Denethor erwartete seine Söhne zum Nachtmahl. Ein Gong ertönte in der Festung. Einige enge Berater, die mitspeisen durften, saßen bereits an der Tafel. Faramir und Boromir betraten zusammen die Halle. Es duftete nach Gänsebraten.

„Mein Leibgericht," grinste Boromir und gab seinem Bruder einen freundschaftlichen Rippenstoß.

Faramir lächelte auch, aber als er die strenge Miene seines Vaters sah, erstarb sein Lächeln sofort. Er dachte an Lyraen und bekam sofort ein schlechtes Gewissen. Ahnte sein Vater bereits etwas?

„Setzt euch!"sagte Denethor barsch, der am Kopfende der Tafel thronte.

Boromir nahm rechts von ihm Platz und Faramir links. Wie immer beachtete Denethor seinen jüngeren Sohn nicht. Von Boromir jedoch wollte er einen genauen Bericht über den Ork-Angriff haben.

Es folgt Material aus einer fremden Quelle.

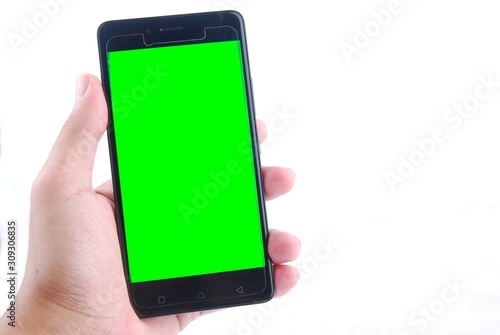 Mock up image of casual man using blank screen mobile smart phone on white background. It can be used for application advertisement or web design template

„Wieviele Orks sich in den Wäldern Ithiliens tummeln, kann ich dir nicht sagen, Vater,"meinte Boromir schließlich, während er sich ein weiteres Stück Gänsebraten auf den Teller lud. „Da musst du schon Faramir und seine Waldläufer fragen."

Denethor warf einen verächtlichen Seitenblick auf Faramir, der schweigend neben ihm aß.

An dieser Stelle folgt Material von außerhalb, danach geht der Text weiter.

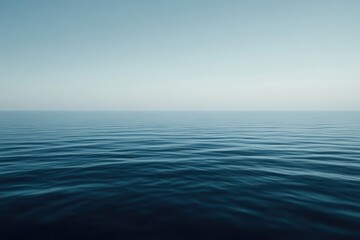 Fototapeta premium Serene expanse of placid ocean. Gentle waves meet a clear, pale sky
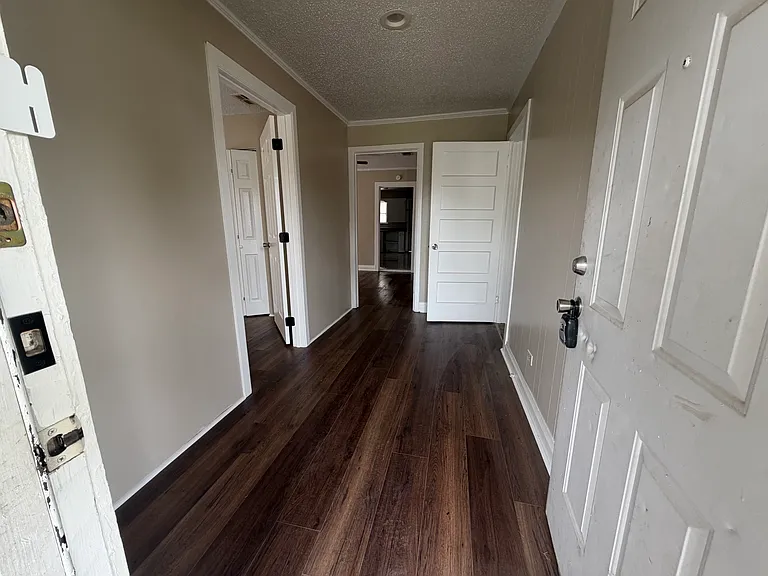 Entry way (hall) - 1st door (to left) - front bedroom - door opening (straight ahead) shows living room and the far room is the kitchen - door to the right - 2nd bedroom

„Bist du wirklich in der Lage, mir darüber genaue Auskunft zu geben, Sohn?"

„Momentan wimmelt es in Ithilien von Orks,"erklärte Faramir bedrückt. „Immer öfters geraten meine Männer in einen Hinterhalt."

„Waldläufer, die in einen Hinterhalt geraten?"höhnte Denethor. „Ich glaube, ich traue meinen Ohren nicht."

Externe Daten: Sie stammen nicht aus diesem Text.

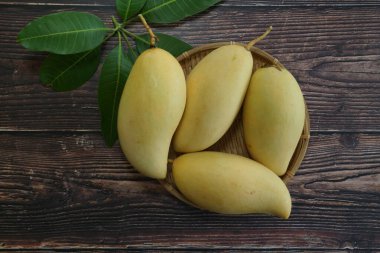 Ahşap arka planda sarı mango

„Die Orks sind wie Ratten,"fuhr Faramir unbeirrt fort. „Sie verstecken sich in Löchern, Sümpfen und im Unterholz. Sie sind zäher als wir Menschen. Orks kommen oft tagelang ohne Nahrung, Wasser und frische Kleidung aus. Das ist ein gewaltiger Vorteil."

„Du willst mir doch nicht weismachen, dass du mit Orks nicht fertigwirst,"meinte Denethor grimmig. „Mir scheint es, dass ich einen anderen Heermeister nach Ithilien schicken sollte."

„Vater, Faramir hat recht!"warf Boromir jetzt ein, der sich gewaltig über das Verhalten Denethors ärgerte. „Die Orks sind heimtückisch. Mordor weiß, warum es dieses Natterngezücht nach Gondor schickt. Wir werden noch unser ganzes Heer aufreiben, wenn das so weitergeht."

Denethor schlug auf den Tisch, so dass das ganze Geschirr klirrte. Die Berater hörten ängstlich auf zu essen und sahen den Truchseß bange an.

„Das muß ein Ende haben!"grollte Denethor finster. „Es kann nicht angehen, dass die Orks uns in unserem eigenen Land abschlachten wie die Hasen. Ich will, dass ihr beide, Boromir und Faramir, eine Soldatentruppe mit besonders geschickten Leuten zusammenstellt, und dann in Ithilien mit diesem Mordorgezücht aufräumt. Ich gebe euch ein Vierteljahr Zeit, diese Eliteeinheit zu bilden, dann schicke ich euch nach Ithilien."

§

Madril führte Lyraen in eine winzige Kammer, die neben den Quartieren der anderen Soldaten lag.

„Es ist zwar sehr klein und eng, aber ich kann dich nicht bei den Männern schlafen lassen,"erklärte der alte Hauptmann streng.

„Danke, Hauptmann Madril,"sagte Lyraen erleichtert.

Madril verließ die Kammer wieder und das junge Mädchen legte seine Habseligkeiten auf die Schlafpritsche. Die Kammer hatte sogar ein Fenster. Lyraen sah hinaus und genoß die wundervolle Aussicht auf den Pelennor. Der Mond ging gerade über dem Schattengebirge auf.